I step back, slowly pulling the door shut. I hide in the back stall, standing on the toilet seat and crouching down. My heart pounds. I can’t get enough air. They can hear me gasping, I think. I try to hold my breath. I pray. I’m amazed by what I just saw—Heitor pointing a gun at an unarmed man.
“No—” Juvelino cries again.
Gunshots. Too many to count. Both guns. Automatics. Then I hear the other guy—not-Heitor—laughing. “Vamos,” he says.
The door slams shut. The vehicle drives away. I’m frozen there. I start to sob without making a sound. I know I have to get out, but I can’t face the sight of what they did to Juvelino. I force myself.
From the bathroom door, I see a smear of red down the chalky white wall behind the desk. I go for the front door. Juvelino is slumped over in a pool of blood. It looks purple on the shiny blue floor. His legs are folded under him sideways at a sharp angle—a pose that would hurt the living.
His eyes are wide open. I cough and my eyes water. I crash through the door. I run around the corner and up an alley. I hear a siren blocks away and approaching fast. I keep to the same side street I took to get there. I break the quiet, running and gasping all the way back to the apartment.

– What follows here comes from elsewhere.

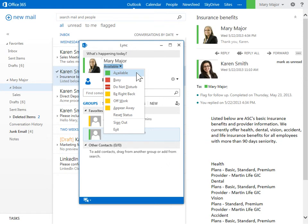Busy indicates you have an appointment and do not want to be interrupted. If applicable, this status is automatically synchronized with your Outlook calendar.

Motion lights go on again. A huge fila, a Brazilian mastiff, stirs. It jumps at the flimsy chain-link fence that stands between us. It’s taller than me up on its hind legs like that, and it drools and barks and snarls in a gravelly double bass. I keep running.
I creep into the apartment, change out of the missionary outfit, and lie on my mattress. I can still hear Lilly’s voice in my ear. I replay our conversation. I don’t sleep. No, Juvelino cries. Filho de puta, the guy with Heitor says. Gunshots and laughter. Acrid gun smoke taste comes back to my mouth. I sob again silently. Nordgren doesn’t stir.